In
June 1950, Malcolm Muggeridge visited Max Beerbohm at Rapallo. The great
essayist was then seventy-seven years old. In Like It Was: The Diaries of Malcolm Muggeridge (1981) he writes of
Beerbohm: “His face very old, somehow shaggy, gentle, quite sad; affectionate,
gentle, sad eyes; head bald, very browned from the sun. Speaks in a slightly
tremulous way, but with perfect lucidity. No clouding of his mind, but a
wearying, a slow fading out.” Muggeridge tells us they spoke of interior
decorators, the painter John Churchill and newspapers. Beerbohm said he first read
the headlines, and if the news was bad he moved on to another story. Muggeridge
writes:
“I
heartily agreed, and pointed out that [Samuel] Johnson had taken this view. He
was glad to know it was Johnson who, he said, was one of the few cases of man
of powerful intellect who was also sensible. So many others, he had found, were
brilliant, learned, etc., but essentially silly in their attitude to life. In
illustration of his point, I quoted Johnson’s remark: `Why is it that the loudest whelps for liberty come from the drivers of slaves?’”
The
most rankling thing we can say about intellectuals, the most earnest of people,
is that they are silly. Muggeridge, in fact, is often quite silly and duplicitous,
though seldom stupid. In a diary entry from 1960, four years after Beerbohm’s
death, Muggeridge refers to him as a “sweet, indolent old fraud.” Beerbohm the
master ironist was the least fraudulent of writers and men.
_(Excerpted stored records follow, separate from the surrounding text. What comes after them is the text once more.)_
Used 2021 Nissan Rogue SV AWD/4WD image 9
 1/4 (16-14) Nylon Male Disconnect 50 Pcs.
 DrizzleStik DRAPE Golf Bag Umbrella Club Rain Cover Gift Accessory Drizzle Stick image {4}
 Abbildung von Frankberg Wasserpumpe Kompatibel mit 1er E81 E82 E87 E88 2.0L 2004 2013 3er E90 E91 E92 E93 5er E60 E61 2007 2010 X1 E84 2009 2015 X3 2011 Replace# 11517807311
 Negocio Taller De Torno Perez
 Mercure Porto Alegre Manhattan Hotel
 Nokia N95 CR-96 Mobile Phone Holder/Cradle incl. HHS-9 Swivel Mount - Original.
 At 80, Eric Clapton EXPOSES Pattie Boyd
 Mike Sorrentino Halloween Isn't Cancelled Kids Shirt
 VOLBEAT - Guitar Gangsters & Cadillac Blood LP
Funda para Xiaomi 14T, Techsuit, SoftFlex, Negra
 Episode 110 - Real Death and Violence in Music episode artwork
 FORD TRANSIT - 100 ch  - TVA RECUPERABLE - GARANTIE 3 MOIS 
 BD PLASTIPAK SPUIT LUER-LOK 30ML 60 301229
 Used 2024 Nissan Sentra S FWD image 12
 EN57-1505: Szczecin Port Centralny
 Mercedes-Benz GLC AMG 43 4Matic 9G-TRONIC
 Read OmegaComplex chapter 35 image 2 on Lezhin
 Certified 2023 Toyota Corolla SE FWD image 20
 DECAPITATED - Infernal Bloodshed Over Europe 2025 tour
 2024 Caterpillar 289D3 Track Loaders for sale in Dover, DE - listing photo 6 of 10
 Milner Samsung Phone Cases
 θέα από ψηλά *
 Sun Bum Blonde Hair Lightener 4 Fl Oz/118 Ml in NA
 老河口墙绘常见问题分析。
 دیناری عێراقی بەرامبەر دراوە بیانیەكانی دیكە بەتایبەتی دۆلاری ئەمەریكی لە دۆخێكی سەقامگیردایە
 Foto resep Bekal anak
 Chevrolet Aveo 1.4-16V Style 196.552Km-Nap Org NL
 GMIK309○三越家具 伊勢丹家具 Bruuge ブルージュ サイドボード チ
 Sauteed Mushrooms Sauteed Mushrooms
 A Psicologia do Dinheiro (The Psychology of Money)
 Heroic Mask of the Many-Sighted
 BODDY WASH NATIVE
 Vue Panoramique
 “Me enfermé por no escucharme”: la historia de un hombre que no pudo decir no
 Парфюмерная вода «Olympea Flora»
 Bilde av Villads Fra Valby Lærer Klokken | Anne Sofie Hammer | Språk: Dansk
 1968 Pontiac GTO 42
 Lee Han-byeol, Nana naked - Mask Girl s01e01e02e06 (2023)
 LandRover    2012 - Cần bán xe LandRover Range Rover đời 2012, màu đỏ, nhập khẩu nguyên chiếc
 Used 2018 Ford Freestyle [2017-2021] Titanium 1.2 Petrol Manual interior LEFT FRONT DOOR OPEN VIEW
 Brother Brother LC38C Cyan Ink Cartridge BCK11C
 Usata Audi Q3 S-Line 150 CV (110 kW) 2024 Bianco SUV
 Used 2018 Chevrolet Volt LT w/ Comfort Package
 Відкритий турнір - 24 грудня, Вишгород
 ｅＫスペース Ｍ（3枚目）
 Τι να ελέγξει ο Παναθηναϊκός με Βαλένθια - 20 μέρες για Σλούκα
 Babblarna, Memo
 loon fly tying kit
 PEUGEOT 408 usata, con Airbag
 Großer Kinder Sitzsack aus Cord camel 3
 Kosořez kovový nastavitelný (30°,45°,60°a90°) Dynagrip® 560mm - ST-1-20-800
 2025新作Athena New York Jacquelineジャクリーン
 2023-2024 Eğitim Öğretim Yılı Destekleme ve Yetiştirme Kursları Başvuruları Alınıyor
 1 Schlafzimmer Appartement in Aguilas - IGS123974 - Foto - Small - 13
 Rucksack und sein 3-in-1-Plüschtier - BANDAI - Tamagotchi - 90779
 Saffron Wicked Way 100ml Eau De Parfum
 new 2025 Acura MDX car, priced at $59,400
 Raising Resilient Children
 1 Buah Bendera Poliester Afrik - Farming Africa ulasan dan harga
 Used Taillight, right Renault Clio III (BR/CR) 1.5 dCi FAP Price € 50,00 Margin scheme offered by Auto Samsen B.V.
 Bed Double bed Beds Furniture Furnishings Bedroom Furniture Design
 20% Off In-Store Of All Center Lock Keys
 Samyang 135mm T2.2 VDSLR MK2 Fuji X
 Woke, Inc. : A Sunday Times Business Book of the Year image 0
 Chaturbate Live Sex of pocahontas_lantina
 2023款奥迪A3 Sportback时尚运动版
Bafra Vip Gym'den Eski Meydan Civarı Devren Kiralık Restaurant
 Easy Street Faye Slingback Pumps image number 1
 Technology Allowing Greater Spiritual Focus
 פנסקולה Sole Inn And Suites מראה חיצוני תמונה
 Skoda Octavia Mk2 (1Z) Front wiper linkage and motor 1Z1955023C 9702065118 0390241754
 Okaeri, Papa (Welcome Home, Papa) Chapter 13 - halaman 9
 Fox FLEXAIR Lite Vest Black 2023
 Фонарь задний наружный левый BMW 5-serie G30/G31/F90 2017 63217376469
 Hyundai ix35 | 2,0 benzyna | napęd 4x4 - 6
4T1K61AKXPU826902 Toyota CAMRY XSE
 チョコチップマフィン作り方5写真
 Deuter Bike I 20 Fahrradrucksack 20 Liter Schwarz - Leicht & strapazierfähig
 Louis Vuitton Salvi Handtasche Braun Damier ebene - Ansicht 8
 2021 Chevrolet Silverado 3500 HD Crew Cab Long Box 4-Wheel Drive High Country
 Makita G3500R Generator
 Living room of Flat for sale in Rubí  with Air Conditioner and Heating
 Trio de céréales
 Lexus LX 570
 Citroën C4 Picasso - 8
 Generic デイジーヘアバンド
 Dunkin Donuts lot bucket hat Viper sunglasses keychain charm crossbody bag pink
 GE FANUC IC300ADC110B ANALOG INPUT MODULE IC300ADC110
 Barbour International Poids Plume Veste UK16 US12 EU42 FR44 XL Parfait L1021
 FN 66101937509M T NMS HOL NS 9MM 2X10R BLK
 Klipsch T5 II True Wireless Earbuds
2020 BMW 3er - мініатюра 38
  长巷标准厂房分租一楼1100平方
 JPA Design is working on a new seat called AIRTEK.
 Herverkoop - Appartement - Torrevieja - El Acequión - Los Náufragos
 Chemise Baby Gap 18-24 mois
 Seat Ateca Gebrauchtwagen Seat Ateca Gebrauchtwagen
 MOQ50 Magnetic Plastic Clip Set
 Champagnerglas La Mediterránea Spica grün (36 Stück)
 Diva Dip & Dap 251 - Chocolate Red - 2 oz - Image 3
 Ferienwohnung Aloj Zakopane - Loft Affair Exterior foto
His love for Johnson
was heartfelt. In “London Revisited,” a radio broadcast from 1935, Beerbohm
said: “Well, Dr. Johnson had a way of being right. But he had a way of being
wrong too—otherwise we shouldn't love him so much.” And I’ve written before
about Beerbohm’s “A Clergyman,” his recasting of a well-known incident recounted
by Boswell. At least on occasion, Muggeridge shared Beerbohm’s appraisal of
Johnson. In a 1957 diary entry, he describes a visit to a Johnson Society
meeting at Gough House:
“Somehow
very moved to be sitting there thinking about Johnson in very room in which he’d
produced the dictionary. Of all Englishmen he appeals to me most—the best, the
greatest. Taken with quotation referring to his publisher--`Cave has no relish
for humour, but he can bear it.’ Felt this referred to readers of Punch.”
The
line Muggeridge misquotes actually was written by Boswell, though perhaps in
paraphrase of Johnson: “Cave had no great relish for mirth; but he could bear
it . . .” I
find a diary entry from 1962 quite moving, though not well written: “Woke up
with that feeling of being a castaway which Cowper so exquisitely expressed in
his verse. The night still in my head; a sense of being lost and alone in an
inhospitable universe. No refreshment from the troubled night hours. Then
started reading the Pensées (Pascal), and, miraculously, the clouds all
cleared away and my fears dissolved. Such is the power, across three hundred
years, of one clear, true mind on another which, however inadequately, is
striving after clarity and truth . . . The communion with Pascal was greater
than I have ever felt on any previous occasion in reading, or dwelling upon
those who went before.”
1 comment:
I have not regretted the considerable time spent reading and listening to Muggeridge. After death, his nearly immediate slide into anonymity reminds me of Christopher Hitchens - so much of their influence was oral with an accompanying force of personality. Mugg's "Chronicles of Wasted Time" is one of the great memoir titles. "All is Vanity" might have been his motto.